L’honorable Mme Gascoyne demeurait dans Lowndes-Square, au quartier tranquille et recherché de Belgravia. Elle y possédait une charmante habitation, point grande, mais parfaitement installée ; tout chez Mme Gascoyne était élégant, discret et de bon goût comme elle-même. Veuve sans enfant d’un cadet de grande maison qui lui avait laissé une très belle fortune, elle jouissait de sa liberté et des nombreux agréments de son existence. C’était une aristocratique personne tout d’une pièce, qui n’admettait pas les compromis. Elle était fort sévère sur l’article des mœurs, et si parfois les exigences sociales l’obligeaient à recevoir des personnes qu’on pouvait soupçonner de n’être pas irréprochables, fallait-il au moins que ces personnes eussent, par suite de circonstances, conquis une position qui, sans être celle de la vertu, en conférait tous les avantages.

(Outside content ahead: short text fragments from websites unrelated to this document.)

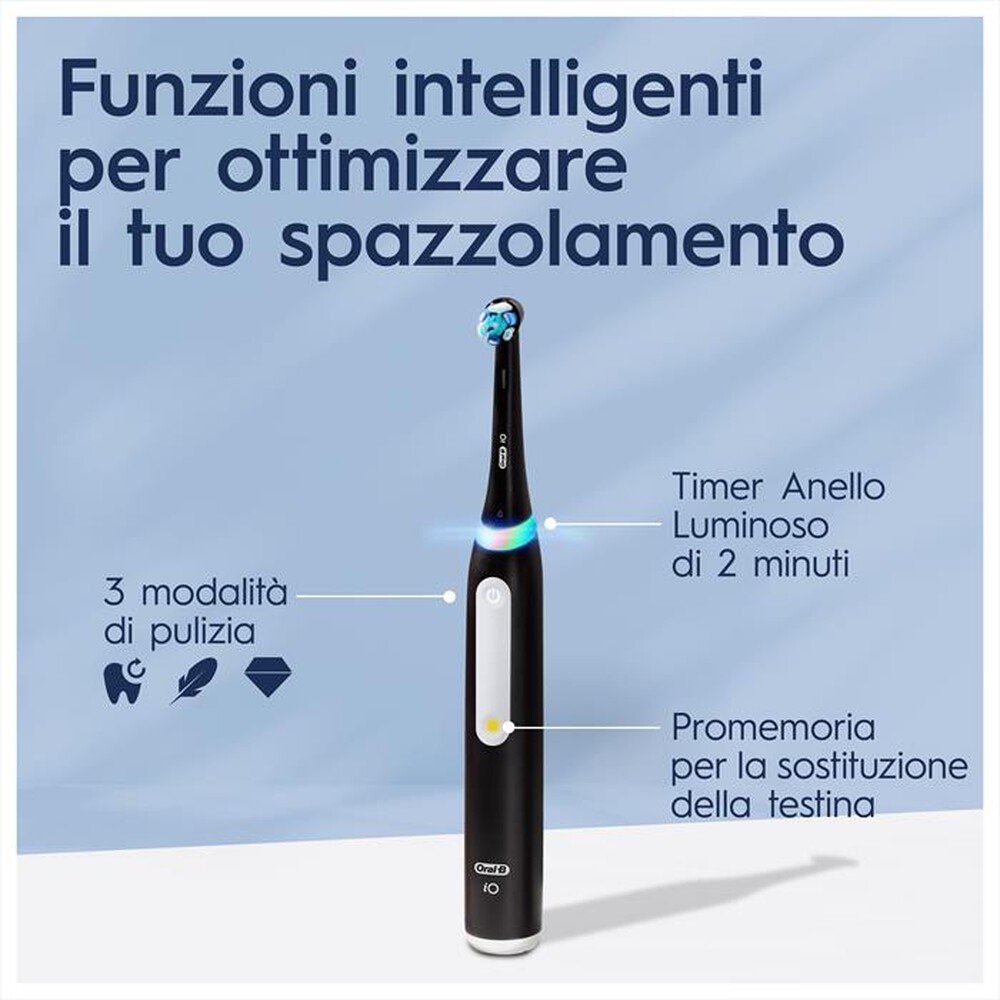 Immagine del prodotto ORAL-B - Spazzolino elettrico IO3 STRIPPED-NERO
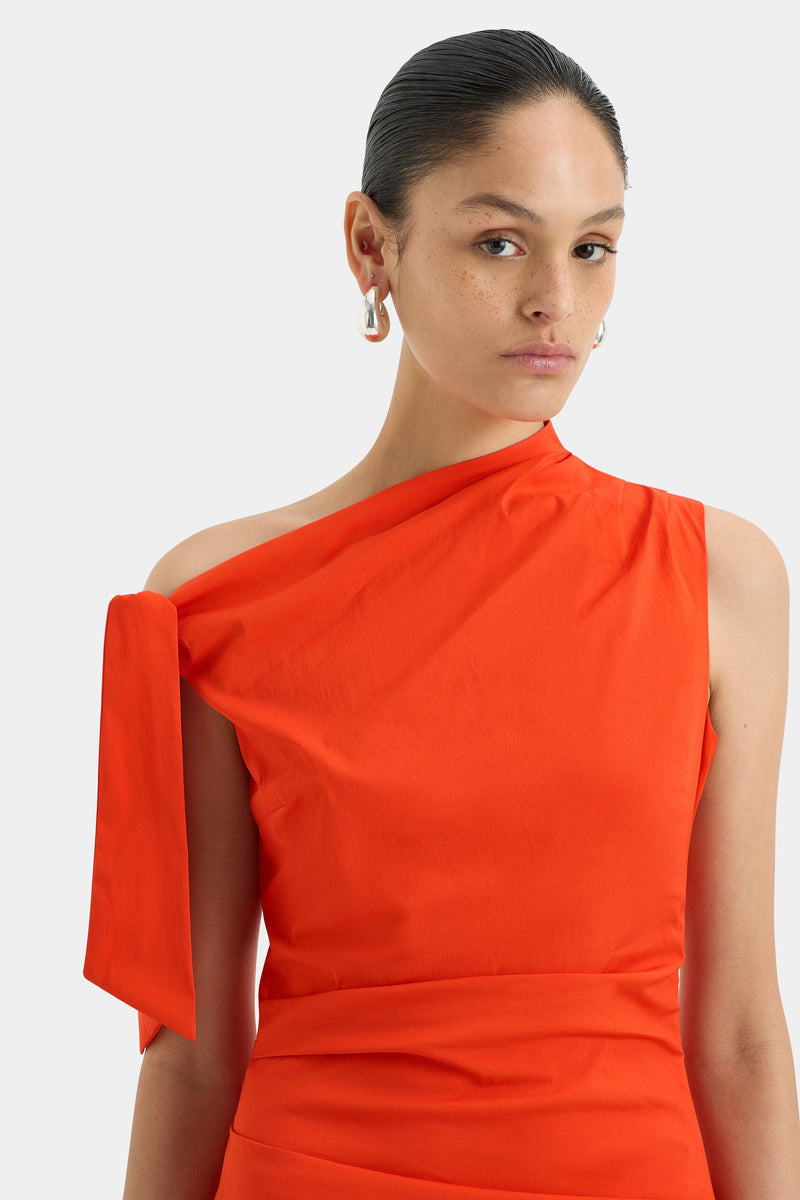 SIR the label Dahlia Mini Dress TANGERINE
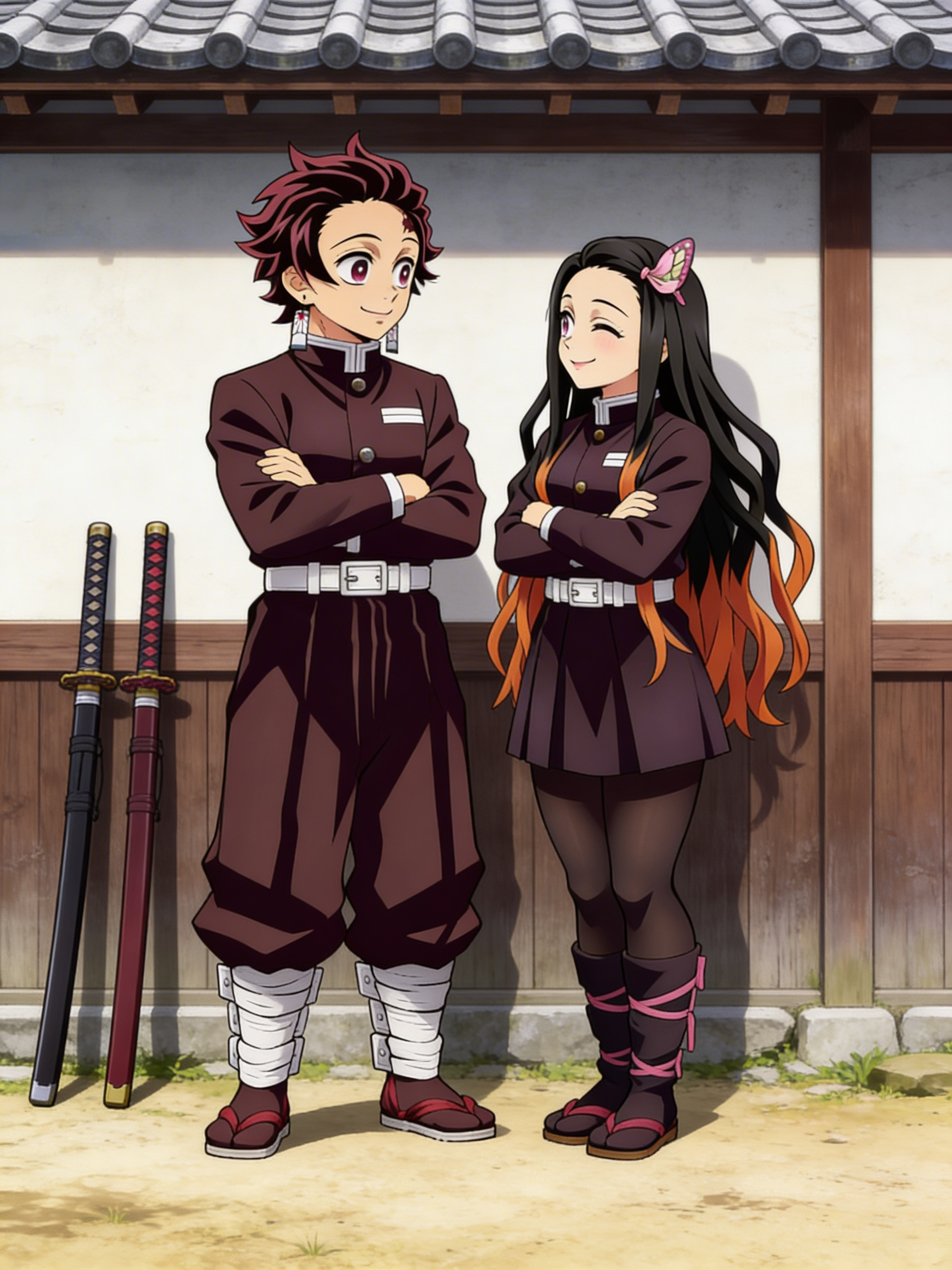 Tanjiro and Nezuko Imitating Eachother 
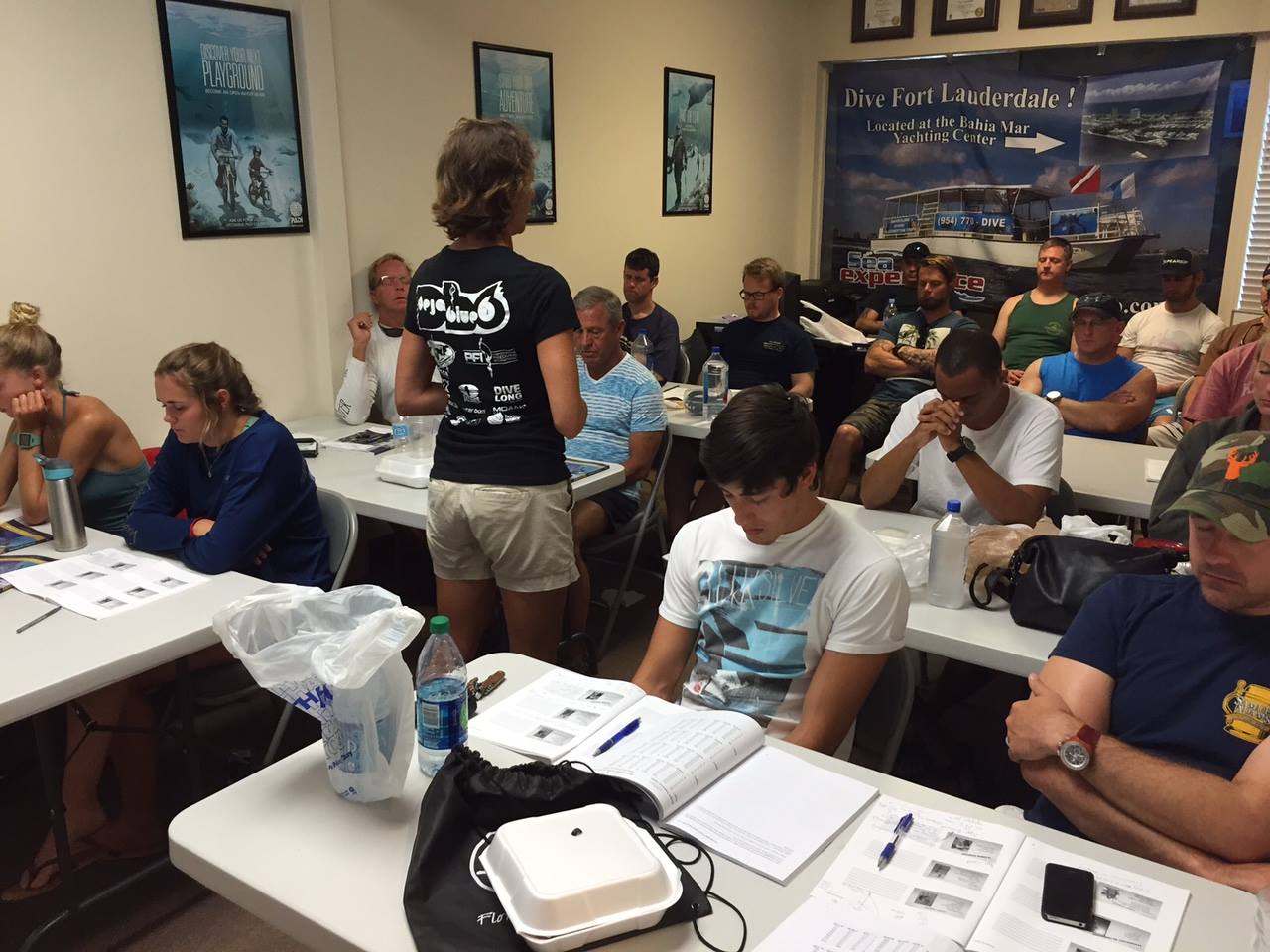 Intermediate Freediver Class with PFI @ Ft. Lauderdale June 2015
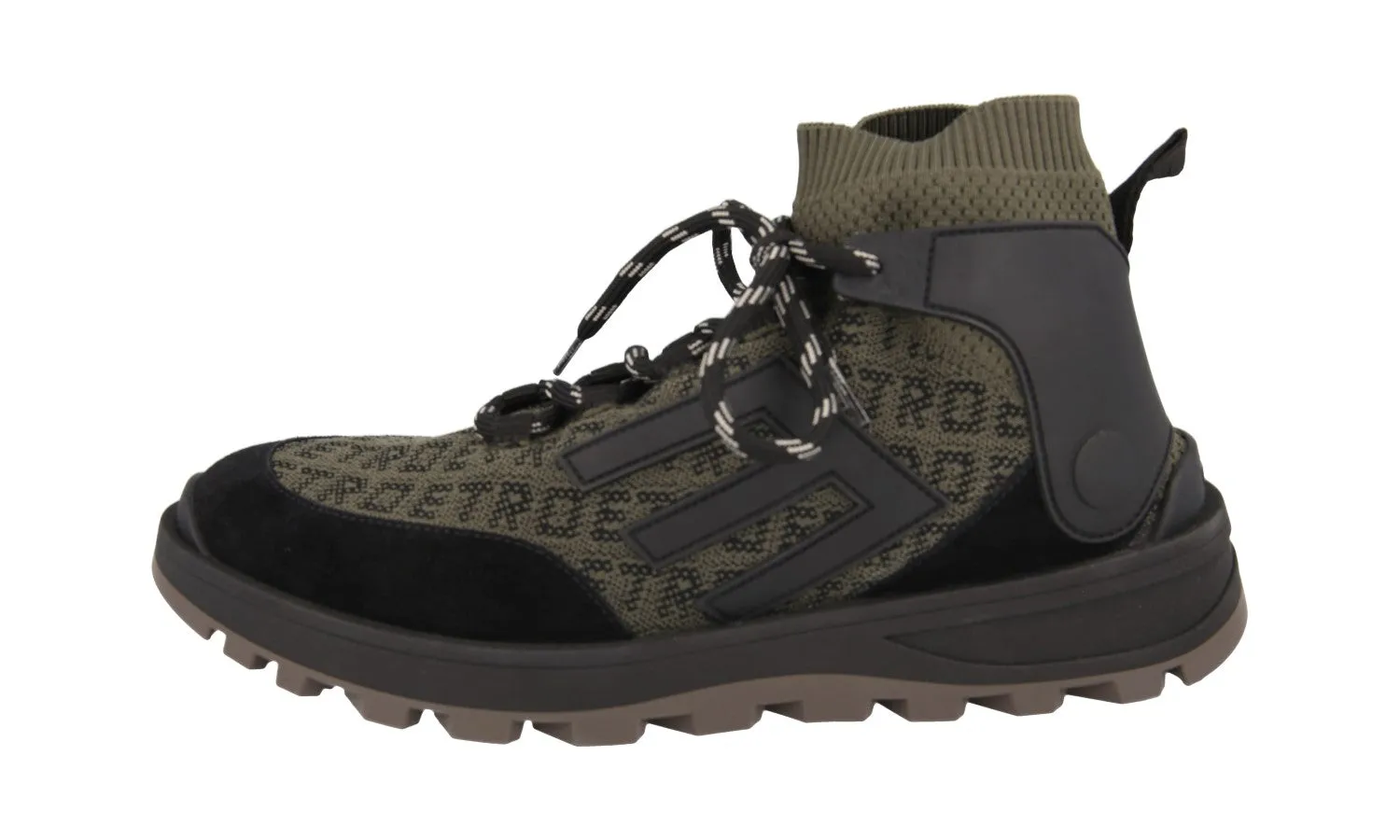 Outdoor Motion Etro Men's Green Sock High-Top Sneaker 12128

Mme Gascoyne avait été fort jolie, et pourtant s’était mariée tard, car elle avait visé haut. Les années n’avaient rien enlevé à l’élégance de sa taille, elle était demeurée mince comme à trente ans, mais son visage était flétri et elle avait les cheveux entièrement blancs. Un peu sèche de cœur, elle n’éprouvait pas le besoin de tendresses immédiates. Elle vivait en fort bons rapports avec sa sœur qui avait dû divorcer d’un mari impossible. Les deux nièces de Mme Gascoyne, dont l’une était mariée, lui suffisaient comme somme d’intérêt supplémentaire dans la vie, car son intérêt suprême se concentrait sur elle-même et sa maison : tout y était réglé par une hiérarchie exacte à la tête de laquelle elle se trouvait, souveraine et despotique.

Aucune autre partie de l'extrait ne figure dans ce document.